Dr. Levine and colleagues started to wonder if their clinical observations would hold up in a formal study. To learn the answer, they compared 38 Hispanic and 56 non-Hispanic people with CRS.
“And we did find a true difference,” Dr. Levine said. The findings of the prospective cohort study were published in July 2021 in the journal Laryngoscope.

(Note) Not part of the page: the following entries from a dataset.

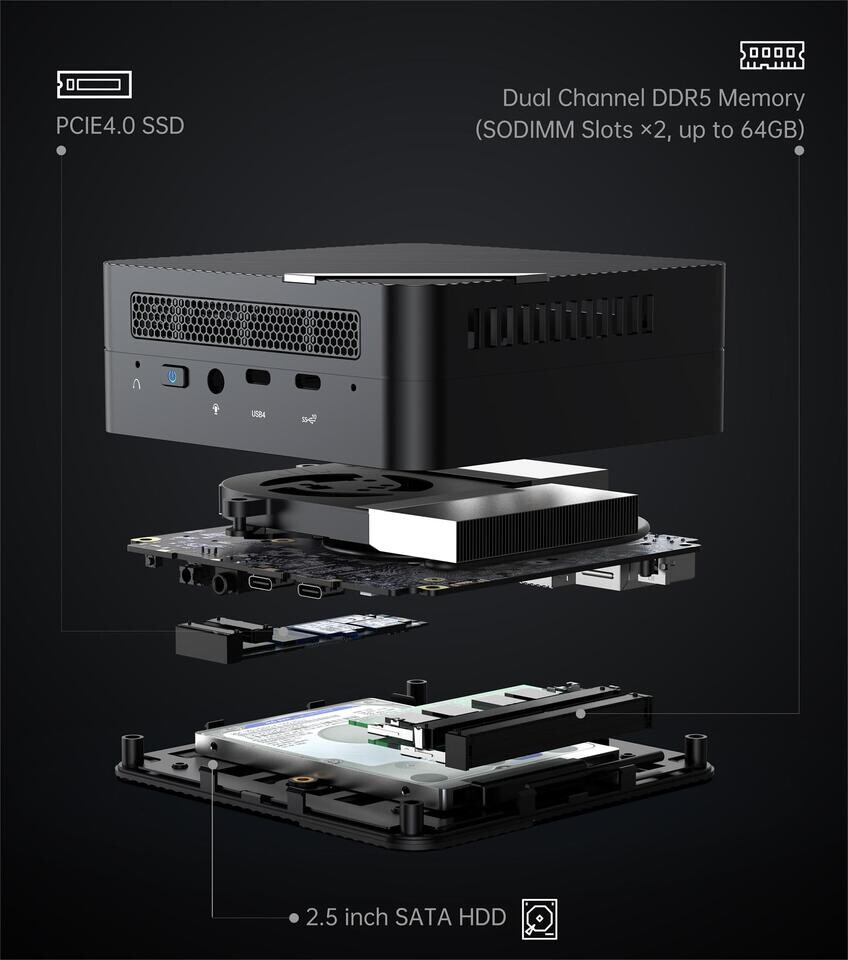 Minisforum Launches Venus UM773 Lite Mini PC | TechPowerUp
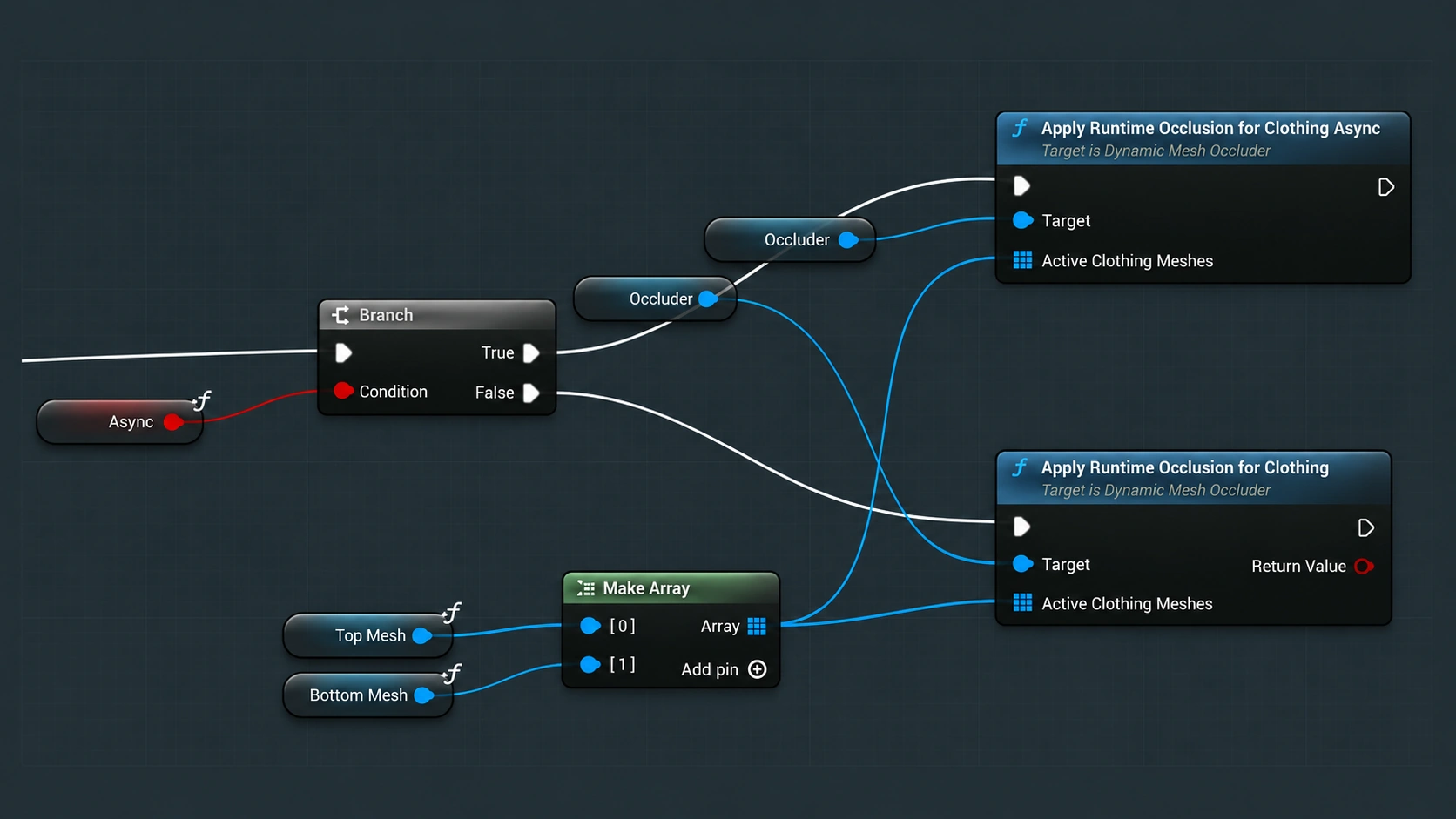 Practical Blueprint Examples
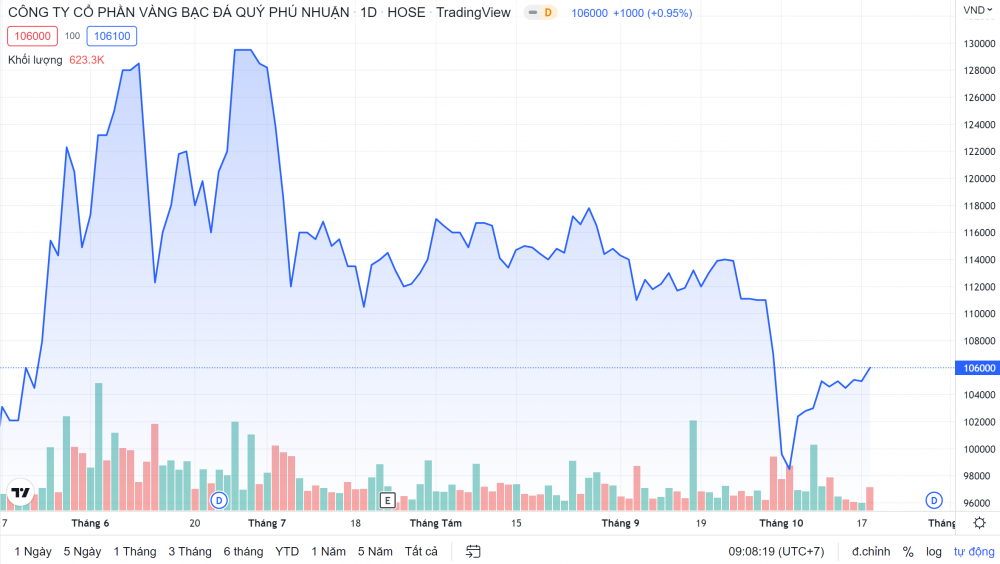 Diễn biến giá cổ phiếu PNJ trong thời gian gần đây (Nguồn: Tradingview)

Although not the first research to assess health disparities in CRS, the current study is the largest to prospectively compare duration and severity specifically between Hispanic and non-Hispanic populations. Prior study populations included only a small percentage of Hispanic patients — typically less than 5% — leaving many questions unanswered.
Why Differences Exist
“This is also the first study to look at why those differences might exist,” said Dr. Levine, who is also an otolaryngologist (ear, nose and throat or ENT physician) at the University of Miami Health System.
Levine and colleagues studied consecutive adults who underwent endoscopic sinus surgery for CRS between June 2019 and February 2020. They looked at race, ethnicity, income, symptom duration, insurance status, and more. Each participant had a preoperative endoscopic exam and CT scan.
Participants completed the 22-item Sinonasal Outcomes Test (SNOT-22) before and at least 10 weeks after surgery. This symptom questionnaire showed that the CRS disease burden was both clinically and statistically significantly worse in the South Florida Hispanic patients: their mean SNOT-22 score was 55 compared to 37 for the non-Hispanic group. A higher SNOT-22 score indicates worse disease burden).
The investigators also gauged severity of CRS disease through presence of sinonasal polyps, new bone growth, number of sinuses operated on, and sinus tissue eosinophilia, a marker of inflammation. Many of these factors suggested worse disease among the Hispanic patients.
Hispanics Have CRS Longer
The Hispanic patients also reported having CRS symptoms for significantly longer. For example, 54% described symptoms lasting longer than three years of symptoms versus 33% of non-Hispanic patients.
There are likely multiple reasons for the longer duration of CRS among Hispanic patients, Dr. Levine said. “Most likely it’s because chronic sinusitis can present in many ways, sometimes overlapping with allergies, a respiratory infection, or headaches.” For this reason, a definitive diagnosis can be challenging for primary care providers.
“Another reason could be access to care,” she added. Self-advocacy and an ability to successfully navigate the U.S. health care system among Hispanic patients born outside the U.S. could be additional factors.
Whatever the cause, 60% of Hispanic patients reported more than three primary care visits without symptom improvement compared to 44% of the non-Hispanic group.
Diagnosing CRS Earlier
For physicians treating these patients, “if you have a patient who is complaining on ongoing congestion or postnasal drip, and who has not really improved with regular treatment, then it’s not unreasonable to do some additional workup” to diagnose CRS earlier, Dr. Levine said.
Another option is referral to an ENT specialist, she added. “Once we are treating them, it’s easier to get them back to a point where they will have a better quality of life. Because we are giving them the tools with which to manage a chronic condition, we can also help them maintain their quality of life over time.”
More research is warranted to understand further the role of ethnicity on CRS disease presentation and outcomes. Developing strategies to target disparities and improve care equity is the ultimate goal, the researchers note.
Dr. Levine credits her collaborators on the study for their help and support, including her clinical partner, Roy Casiano, M.D., professor and vice chair of otolaryngology and director of rhinology. “I would also like to thank the Clinical and Translational Science Institute at UM and the Triological Society for funding this research,” she said.